FloatingArrayDesign / MoorDyn

a lumped-mass mooring line model intended for coupling with floating structure codes
https://moordyn.readthedocs.io/en/latest/
BSD 3-Clause "New" or "Revised" License
73 stars 42 forks source link

State and Line Performance Improvements #269

Open AlexWKinley opened 2 weeks ago

AlexWKinley commented 2 weeks ago

This PR contains changes to a few time integrator and to lines with the goal of not changing the simulation is any meaningful way, while providing performance improvements.

Performance Results

Overall, for models of lines, there is roughly a 2x performance improvement. Currently, the integrator performance improvements are mostly specific to RK2 and RK4.

RK2 RK4

line_performance_plots

Integrator / State Changes

The primary changes to the integrator and state code are to avoid memory allocations.

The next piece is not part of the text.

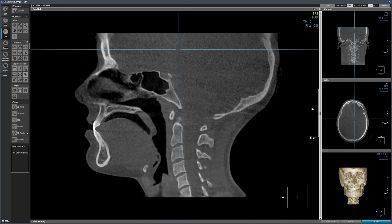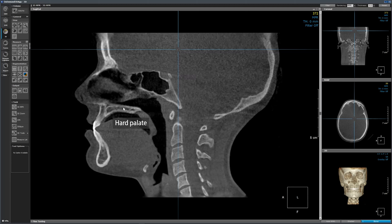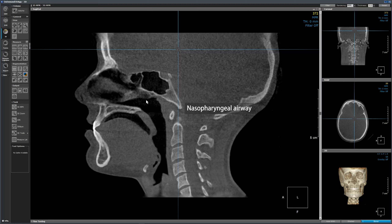At the midline of the head, we have several more structures we can recognize. This is the sphenoid sinus. Superior to the sphenoid sinus, we have the sella turcica. We are seeing the hard palate and with the hard palate we see the soft palate. This is the dorsum of the tongue. If you draw a line from the hard palate to the distal aspect of the pharynx, this area is the nasopharyngeal airway. From the hard palate down is the oropharyngeal airway.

The state code that allows writing

r[1] = r[0] + rd[0] * (0.5 * dt);

is very convenient, but its current implementation means that every operation on a state allocates memory to create an entire copy of that state. That basic $y_{n+1} = y_n + dy \Delta t$ line allocates memory to store the result of $dy \Delta t$, and then the result of the addition, and even an additional allocation for the assignment.

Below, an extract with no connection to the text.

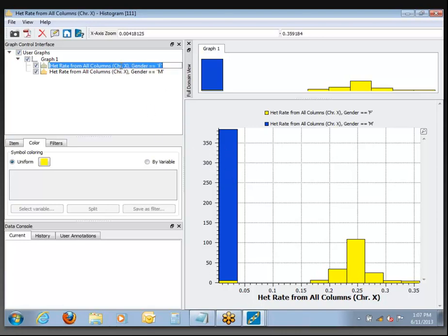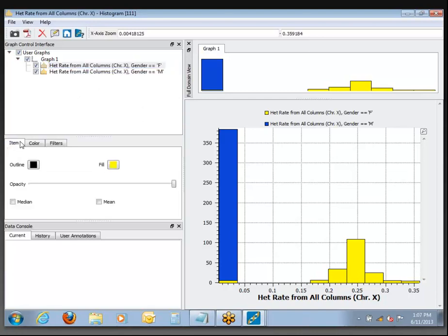If you take the item for females and click on it once, then switch back to the Item tab, now you can adjust the opacity and make that yellow more see-through. What we can see is there's a yellow group here that were originally labeled as female but are consistent with males. And over here a blue group showing through behind the yellow — samples that are consistent with female but originally labeled as male.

My current solution to this is the new butcher_row function that can do these sorts of computations in place, without allocation any additional memory. Named as such because it does the math for a single row in a Butcher tableau. With this function we get

// r[1] = r[0] + rd[0] * (0.5 * dt);
butcher_row<1>(r[1], r[0], { 0.5 * dt }, { &rd[0] });

Definitely not a clear and concise as the more mathematical notation, but with significant performance improvements. Because of the additional complexity, I've only switch the RK2 and RK4 integrator to use this function. But I can certainly expand its usage if desired.

The other change to states I've made is to remove the empty constructor and destructor from StateVar and StateVarDeriv. Because of the rule of three/five defining a destructor (even an empty one), causes an expression like r[1] = r[0] + rd[0] to allocate twice, even though the result of r[0] + rd[0] can be directly assigned to r[1]. Removing the empty destructor allows the compiler to avoid that second allocation.

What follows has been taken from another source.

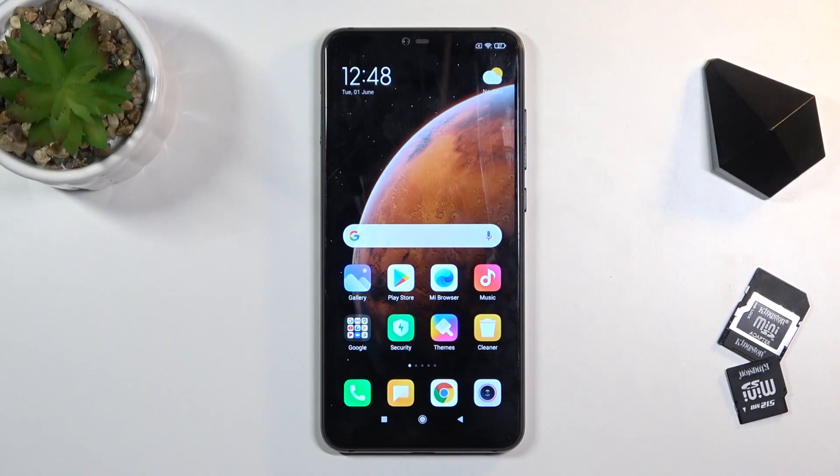Welcome, my name is Xiaomi Mi 8 Lite and today I will show you how to reset the device through settings.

This should help other integrators even if they're not using butcher_row, but not as significantly as using butcher_row.

Line Changes

The first type of changes to lines are again to avoid memory allocations.

Changing line->getStateDeriv() to take references to the node velocities and accelerations avoids having to allocate memory for those results every time. Also changing Line::setState(const std::vector<vec>& pos, const std::vector<vec>& vel) to take vector references avoids it allocation copies of the position and velocities vectors.

The other kind of change to lines are my attempts at simplifying the code while improving performance. The biggest thing is getting rid of many of the

if (i == 0) 
    ....
else if (i == N)
   ....
else
   ....

by calculating the values that depend on whether it's an internal or external node once, allowing for them to be reused, and making the code nicer to read.

Misc

To improve consistency of the benchmarks, and avoid filling up the console with simulation times, I added MoorDyn::SetDisableOutput to disable some of the console and file output.

Logistical Notes

Feel free to share any thoughts/questions you have. I know that those at NREL are doing some work from their side that could potentially create some conflicts with some of these changes. I'm happy to delay merging this and rebasing on top of whatever those changes may be myself if that would be easiest.

sanguinariojoe commented 1 week ago

Hey!

I am out of office. I can give feedback by the end of the month

On Wed, 6 Nov 2024, 21:18 AlexWKinley, @.***> wrote:

This PR contains changes to a few time integrator and to lines with the goal of not changing the simulation is any meaningful way, while providing performance improvements. Performance Results

Overall, for models of lines, there is roughly a 2x performance improvement. Currently, the integrator performance improvements are mostly specific to RK2 and RK4.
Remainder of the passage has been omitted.